Brief descriptive captions:
• • • •

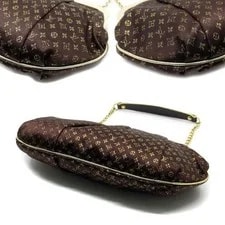 Louis Vuitton Omoniere Clasp Chain M92061 J 3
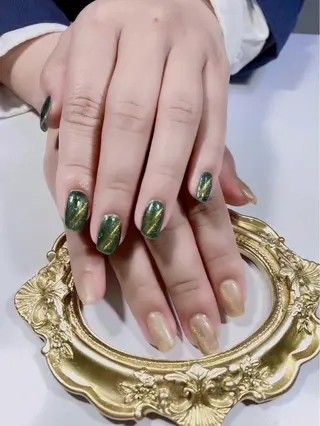 ネイル ネイルサロン ロア旧ジョリーのネイルデザイン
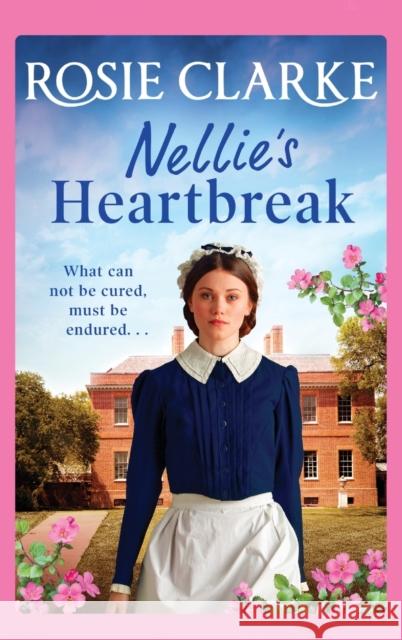 Nellie's Heartbreak Rosie Clarke 9781801621571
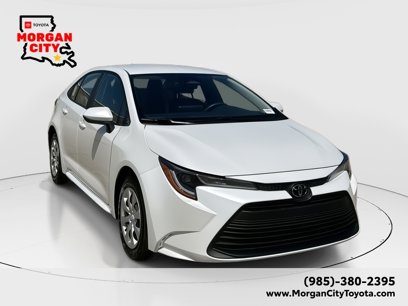 Used 2023 Toyota Corolla LE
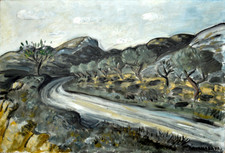 Chabaud auguste - chabaud, (1882-1955)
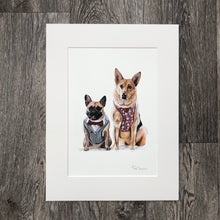 Commission a Pet Portrait, - Sally Mackness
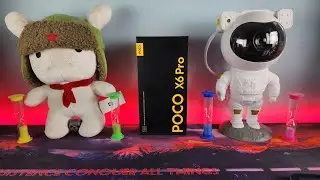 POCO X6 Pro - Unboxing En Español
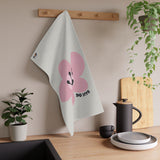 90 Day Milestone Ash Tea Towel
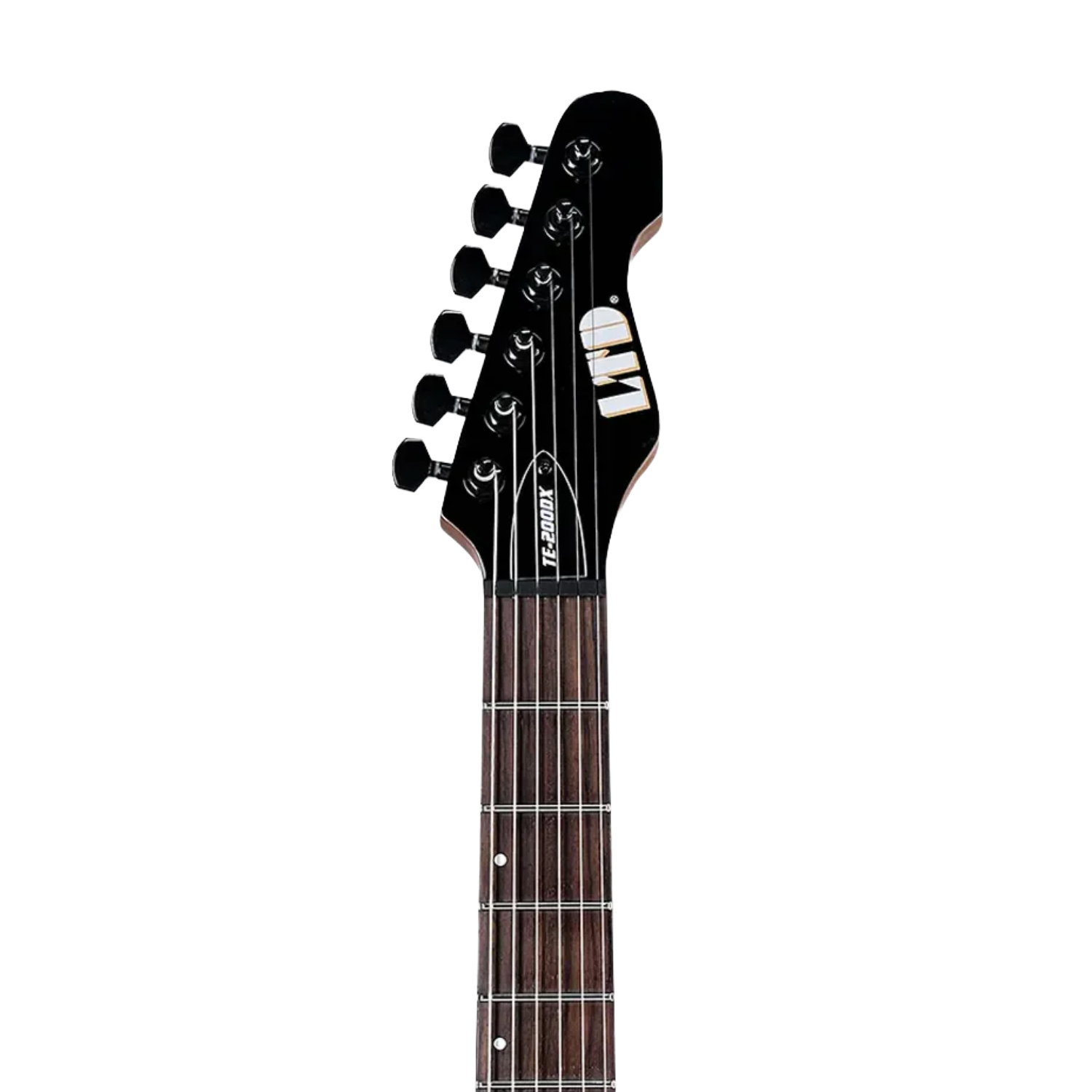 Guitarra Eléctrica LTD TE-200DX Purple Burst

• • • •

Instructions for the task:
Transcribe exactly, and only, the lines from the one containing "90 Day Milestone Ash Tea Towel" through the last line of the records above, both included; leave out the pictures.

Task output:
 90 Day Milestone Ash Tea Towel
 Guitarra Eléctrica LTD TE-200DX Purple Burst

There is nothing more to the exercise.